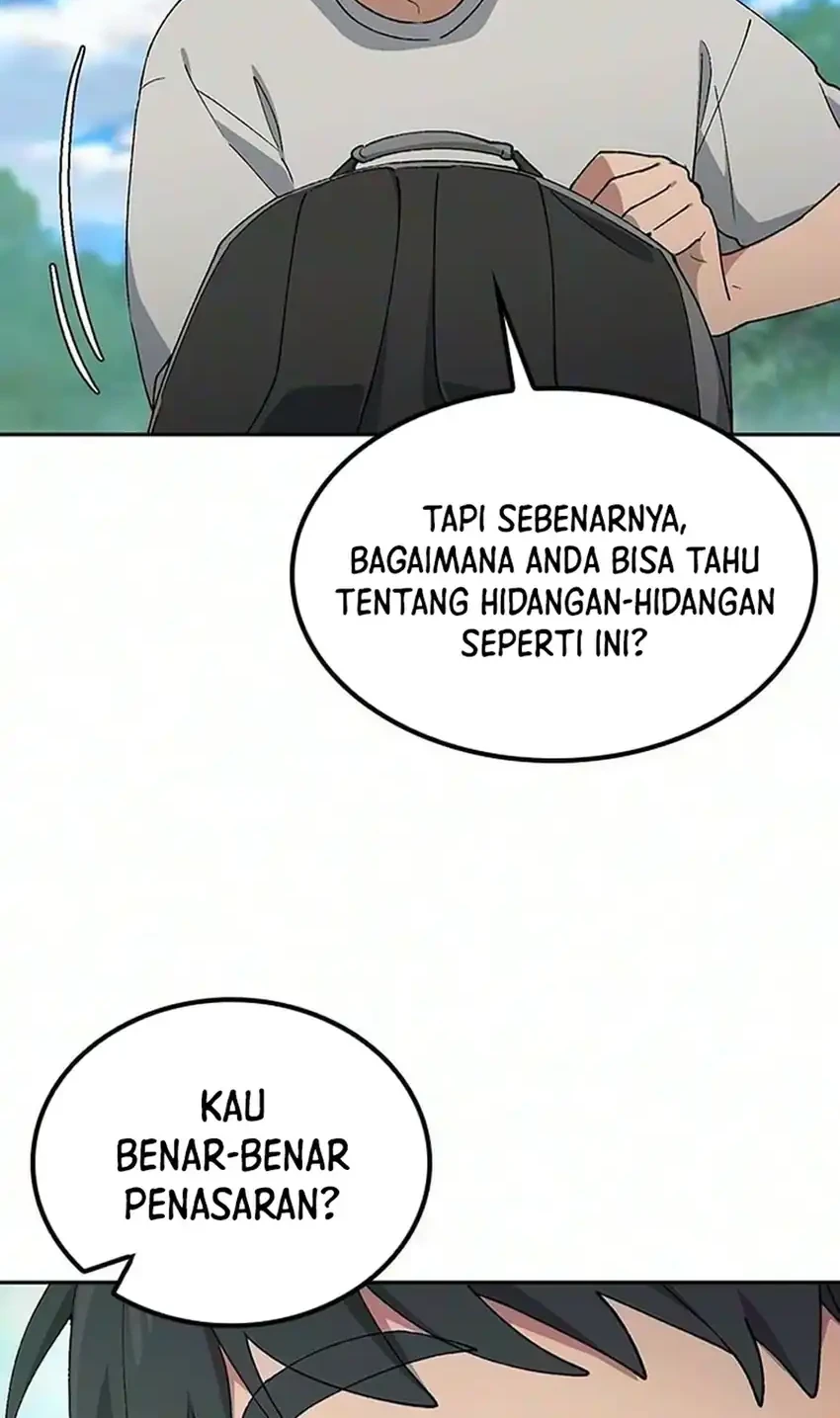 Healing Life Through Camping in Another World Chapter 111 Gambar 32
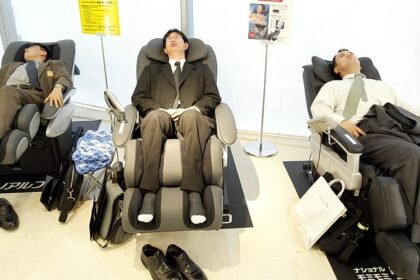 Tokyo sleep competition offers 2 million yen prize to best sleeper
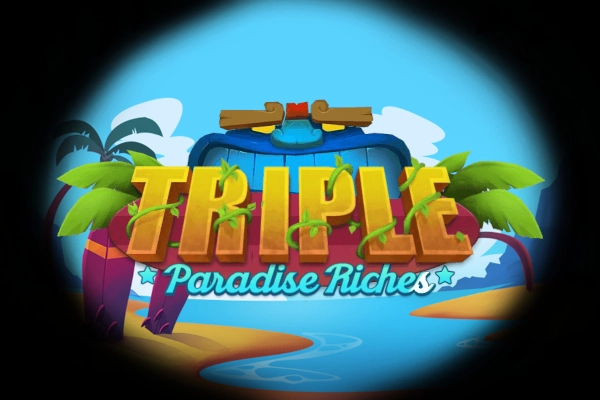Triple Paradise Riches pokie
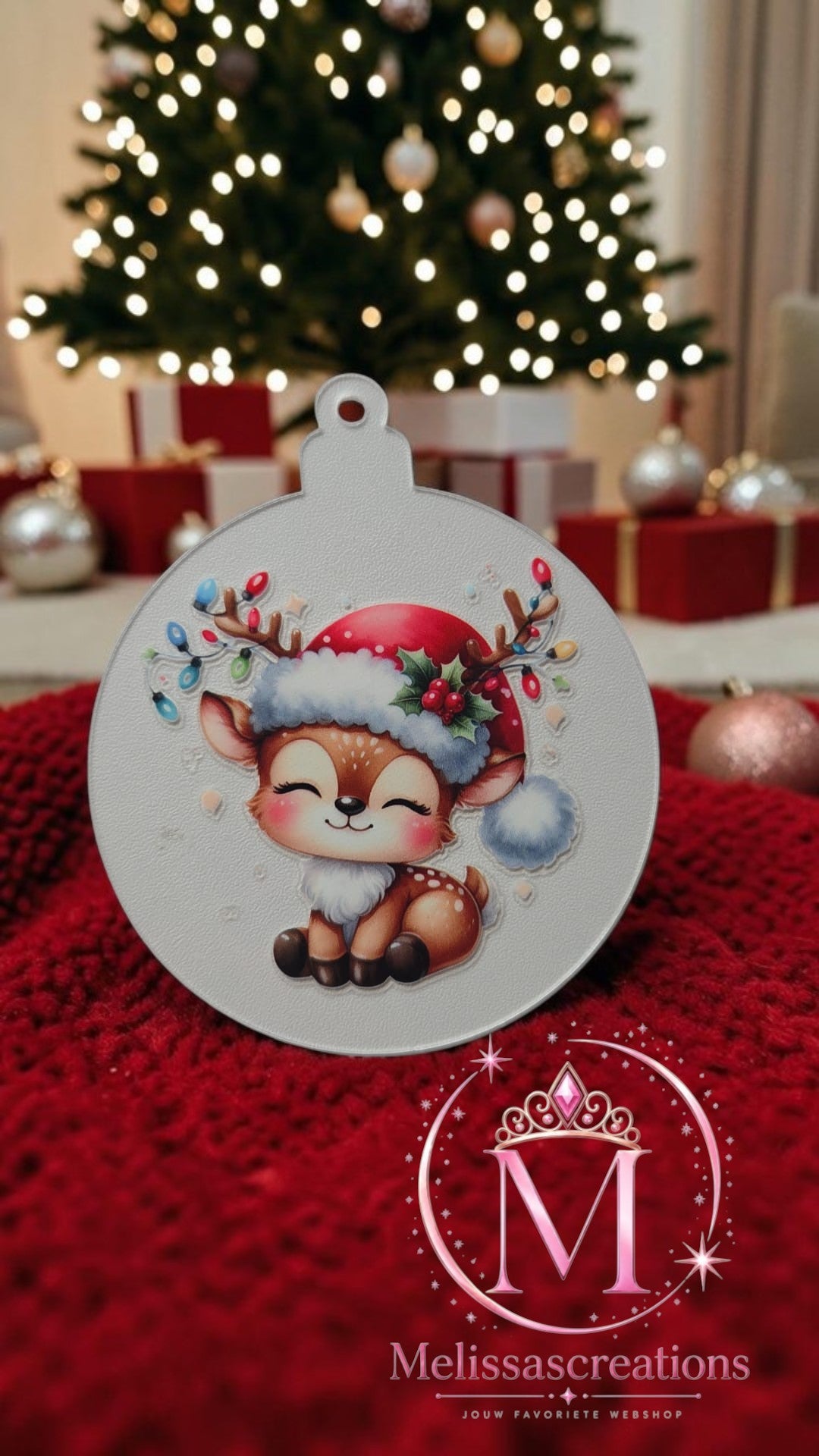 Kerstbal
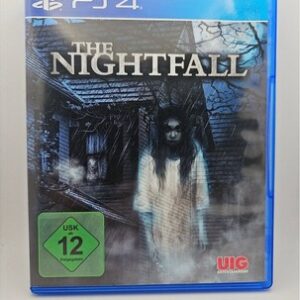 The Nightfall - PS4 / PlayStation 4
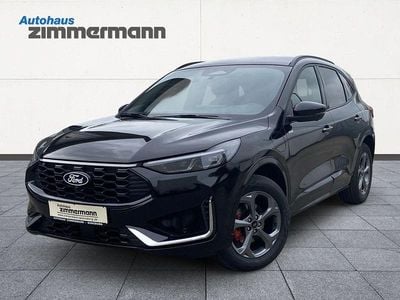 Neu Ford Kuga ST-Line X 242 PS (177 kW) 2026 Schwarz SUV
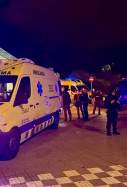 ambulancia cornella futbol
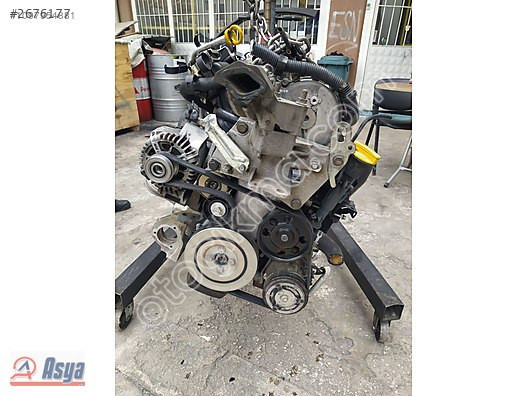 Fiat Linea 1.3 Euro 4 Motor - Sağlam ve Kullanılmış Oto Parç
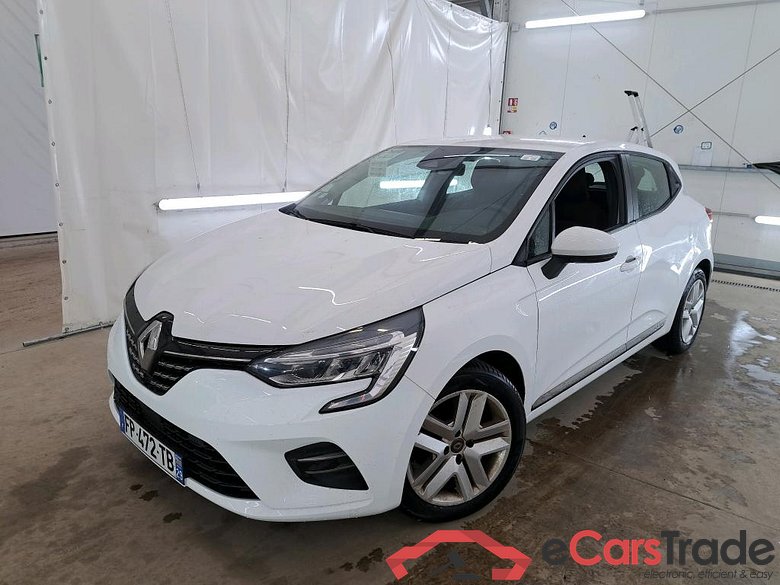 Clio V Zen 1.0 SCe 70CV BVM5 E6dT #1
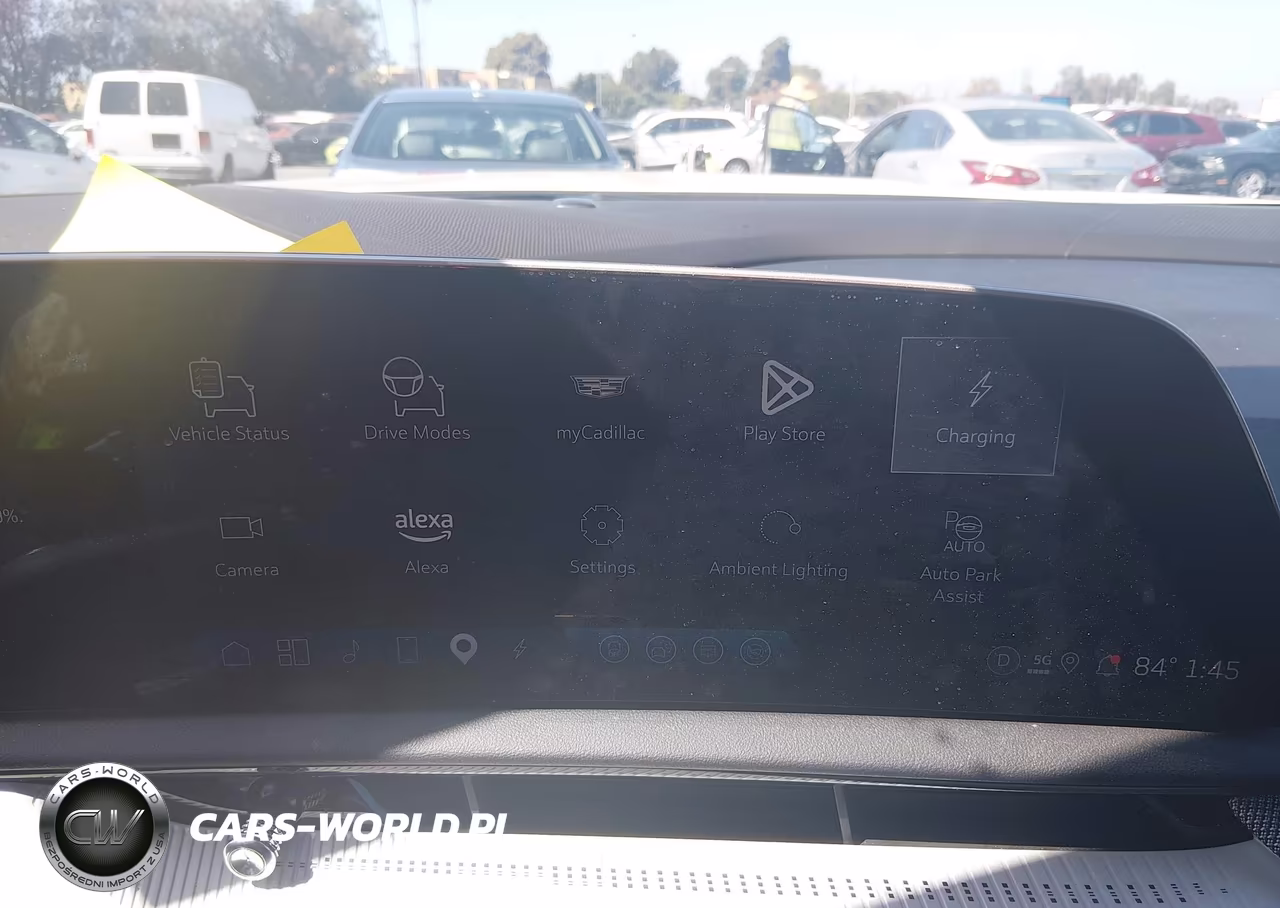 2025 Cadillac Optiq Sport 2 Awd VIN:3GYK3GMR2SS207139 - 18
────────────────────────────────────────
* Required action
When the listing is transcribed, every line must match the original exactly, and the pictures must be left out.

* Answer for the task
 Healing Life Through Camping in Another World Chapter 111 Gambar 32
 Tokyo sleep competition offers 2 million yen prize to best sleeper
Triple Paradise Riches pokie
 Kerstbal
 The Nightfall - PS4 / PlayStation 4
 Neu Ford Kuga ST-Line X 242 PS (177 kW) 2026 Schwarz SUV
 ambulancia cornella futbol
 Fiat Linea 1.3 Euro 4 Motor - Sağlam ve Kullanılmış Oto Parç
 Clio V Zen 1.0 SCe 70CV BVM5 E6dT #1
 2025 Cadillac Optiq Sport 2 Awd VIN:3GYK3GMR2SS207139 - 18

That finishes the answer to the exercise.